Lawmakers in Tennessee are allegedly that Governor Bill Haslam violated the Health Insurance Portability and Accountability Act (HIPAA) of 1996 by releasing information in reference to government officials who are currently enrolled in Tennessee's health insurance program.
Earlier this year, Governor Haslam released the names, premium amounts, and other information about various government officials. Under Tennessee's Public Records Act, it's perfectly acceptable and legal to obtain this information. However, HIPAA's Privacy Rule states that Protected Health Information (PHI) may only be disclosed to individuals and entities whom have the authority to receive it. Assuming Governor Haslam released PHI without the officials' consent, he could find himself in hot water with the Department of Health and Human Services (HHS).
So, did Tennessee Governor Bill Haslam violate HIPAA by releasing information about government officials' healthcare? While some people may argue otherwise, the general belief is that he did not violate HIPAA. There are two key pieces of information which Haslam is using to his defense: first and foremost, the information wasn't classified as Protected Health Information. Yes, it contained the names and healthcare premiums for government officials, but it didn't contain enough personally identifiable information for it to be classified as PHI. Secondly, there's no indication that the information was released by a covered entity – an element that's necessary for a HIPAA violation in this circumstance.
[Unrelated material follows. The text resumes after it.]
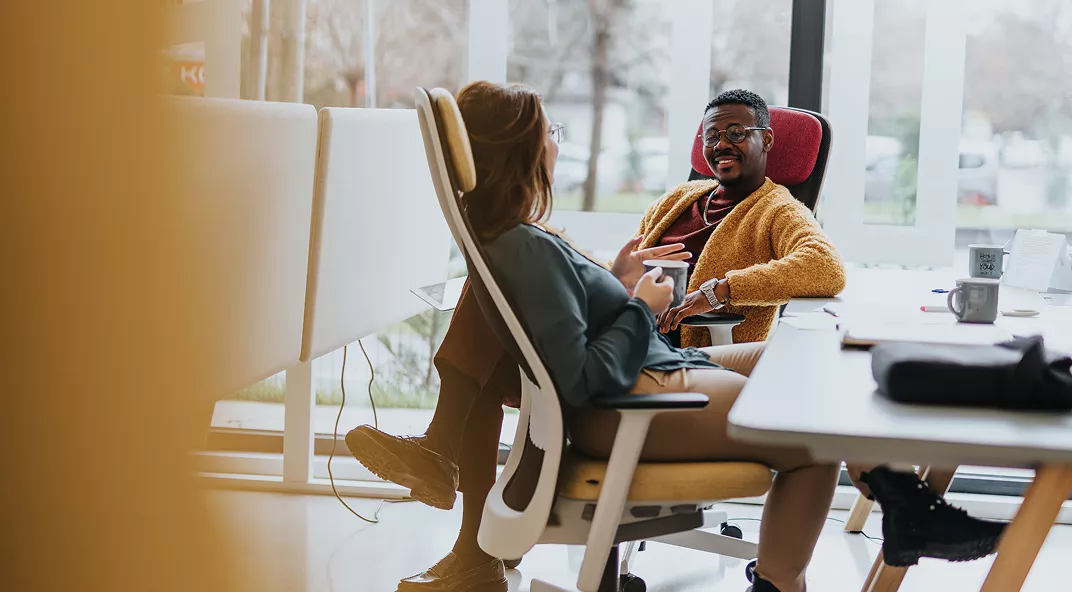 Two people are seated in ergonomic office chairs, engaged in a relaxed conversation in a contemporary workspace. The setting features large windows, natural light, and a casual atmosphere. Both individuals appear to be young adults, one male and one female, dressed in comfortable business casual attire. The workspace includes desks, a laptop, and a coffee cup, contributing to a collaborative and informal mood.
Andree Sophia Blumstein further explained that there's no violation here since the HIPAA Privacy Rule contains an exception that allows the disclosure of PHI when the disclosure is required by law.
“Even assuming that the information was disclosed by a covered entity and even assuming that the information is PHI, there is no violation of the HIPAA Privacy Rule. The Privacy Rule contains exceptions. As specifically applicable here, the Privacy Rule includes an exception that allows the disclosure of PHI when disclosure is ‘required by law,” said Andree Sophia Blumstein, Slattery and Solicitor General.
In any case, this story raises some questions about when it's acceptable to disclose medical/healthcare-related information and when it's not. As stated by Blumstein, the HIPAA Privacy Rule contains several exceptions which allow the disclosure of Protected Health Information, and one of those exceptions is when it's required by law. When in doubt, thought, it's generally best to err on the side of caution and not release the information.